▶ [INFORMATION PROVIDED]
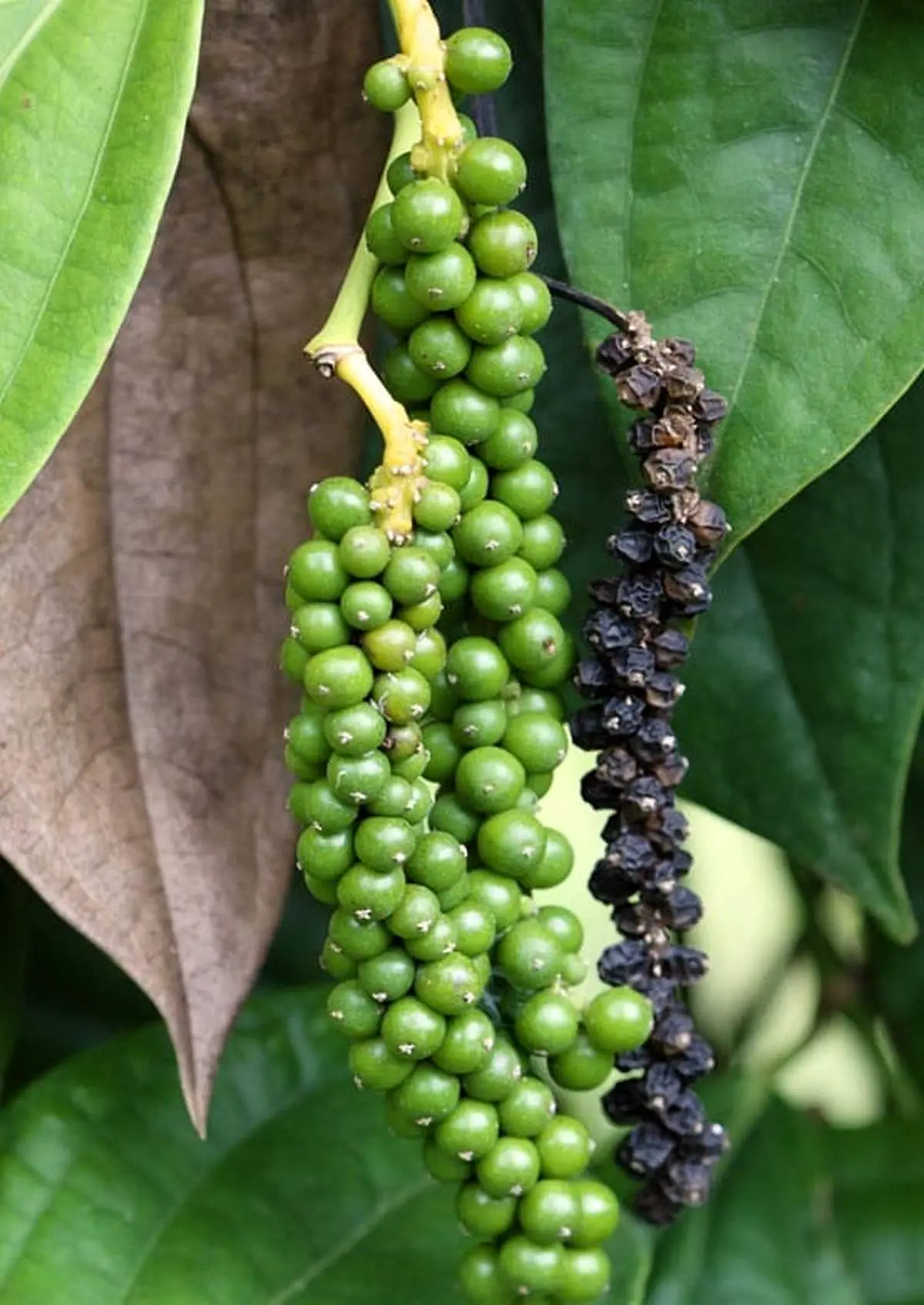آموزش کاشت و نگهداری فلفل سیاه در گلدان به‌صورت خانگی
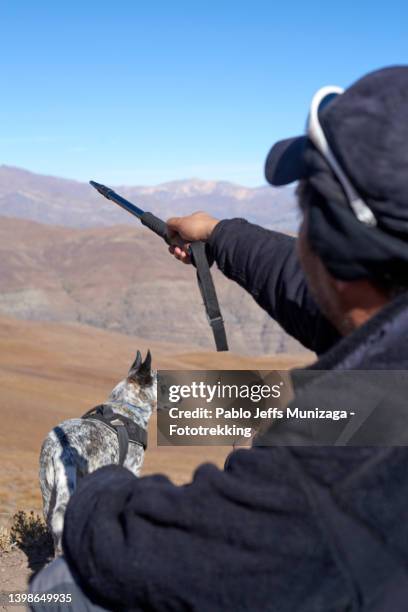 adult man points with a hiking pole towards the landscape - hiking pole photos et images de collection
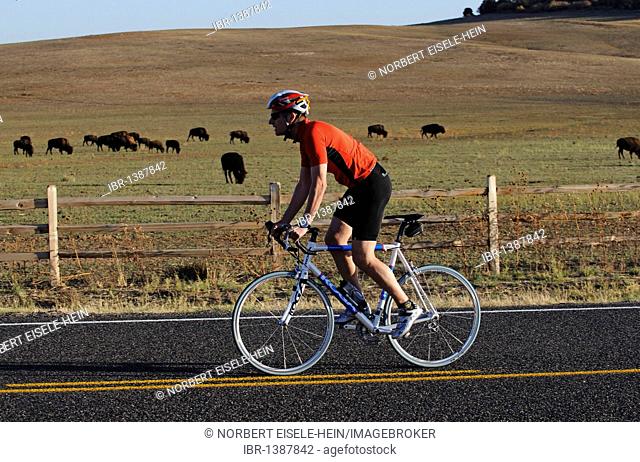 Race cyclist, bison herd, Mt Caramel, Utah, USA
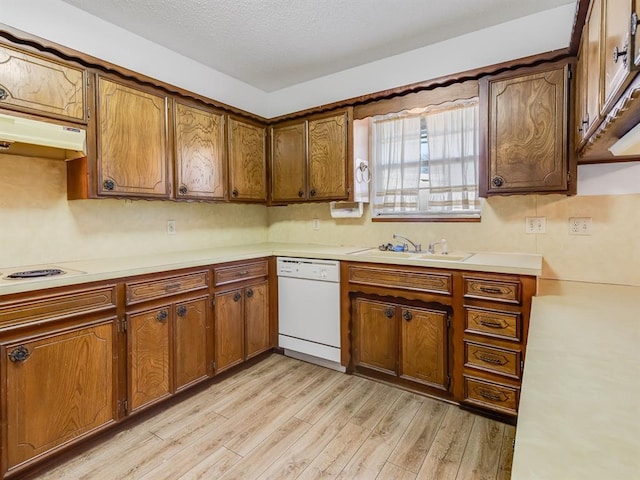 kitchen with sink, dishwasher, and light wood-type flooring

▶ [WHAT THE EXERCISE ASKS] For this exercise, retype the listing above word for word and omit the pictures.

▶ [ANSWER BELOW]
آموزش کاشت و نگهداری فلفل سیاه در گلدان به‌صورت خانگی
 adult man points with a hiking pole towards the landscape - hiking pole photos et images de collection
 Race cyclist, bison herd, Mt Caramel, Utah, USA
 kitchen with sink, dishwasher, and light wood-type flooring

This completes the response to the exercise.